Satisfaction with the NHS has increased, with 65% saying they are satisfied, up from 60% in 2013. This increase in satisfaction was greatest – no less than 11 percentage points – among Labour supporters.
Satisfaction with A&E services has also increased, from 53% to 58%. On the other hand, satisfaction with GP services has declined from 77% in 2010 to 71% in 2014, though this is still the most popular of the NHS services.
A funding crisis?
The public believe, almost universally (92%), that the NHS is facing a funding problem. But how should this problem be addressed?
A majority (58%) say they would not be happy for the government to curb spending in other areas to maintain the current NHS service. Support for increasing taxes to spend more on health, education and social benefits still remains relatively low (37%). Only around a quarter back charging for services such as a GP appointment or hospital meals.

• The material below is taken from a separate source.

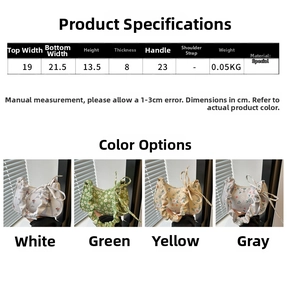 Größentabelle und Maße für die Mini-Blumen-Schultertasche aus Nylon mit allen Parametern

Alternatives to universal NHS care?
Most people are opposed to the idea of a system only for those on lower incomes, while only a minority would prefer to be treated by a private service.
Nearly 7 in 10 (68%) oppose the idea that the NHS should be available only to those on lower incomes. However, 45% think that the NHS will not still be a free universal service in ten years’ time. More (39%) say they would prefer to be treated by a NHS service than a private one (16%) though 43% have no preference.

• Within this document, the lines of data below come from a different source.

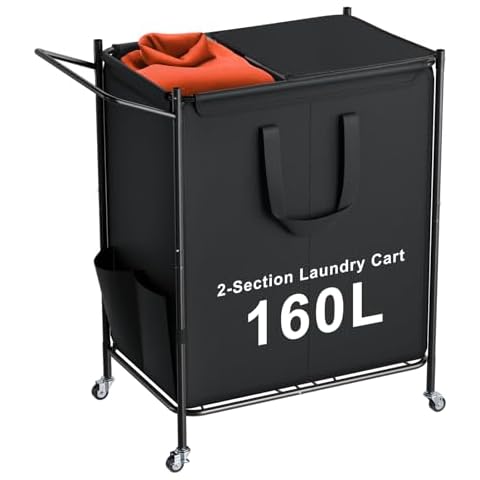 XLHOMO Laundry Basket with Wheels, 2-Section Rolling Laundry Hamper with Removable Liner, 42 Gallons (160L) Laundry Sorter Cart, Clothes Hamper Sturdy Metal Frame with Handle, Effortless Movement Cover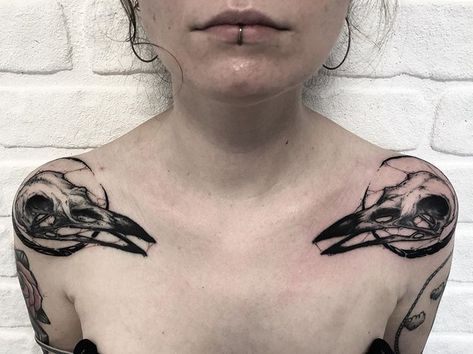 Gothic Style Tattoos, Intuitive Tattoo, Blue Ink Tattoo, Dark Work Tattoo, Bird Skull Tattoo, Tattoo Future, Bird Skulls, Rad Tattoos, Pagan Tattoo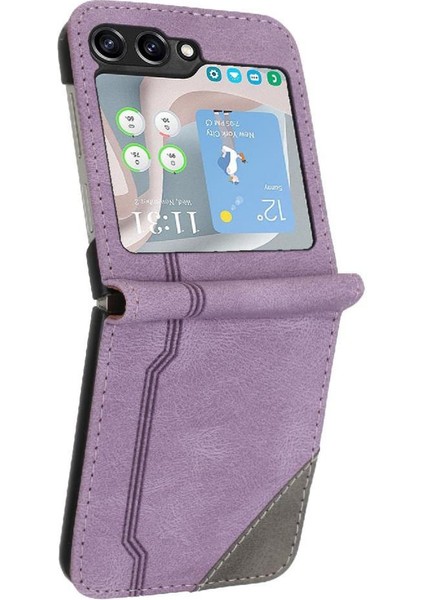 Samsung Galaxy Z Flip 6 Pu Deri Handy Standı Kart Yuvaları Kapak (Yurt Dışından)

This is an important set of results for the health and care sector and shows that the public continues to value the NHS very highly. Public perception on NHS funding, staffing and wait times are however driving lower satisfaction. What the public and health service now needs is a strong clear narrative from politicians of all parties on the future of the NHS.
The most important set of results are those on social care. We have said consistently that the NHS and social care system cannot be seen in isolation from each other. A further fall in satisfaction of 5 percentage points to just 26 per cent is deeply concerning. This reflects the pressure social care services are facing and these must be addressed if we are to sustain effective care for vulnerable people. Current resourcing levels in social care will, we believe, be insufficient in the short term to make this a reality.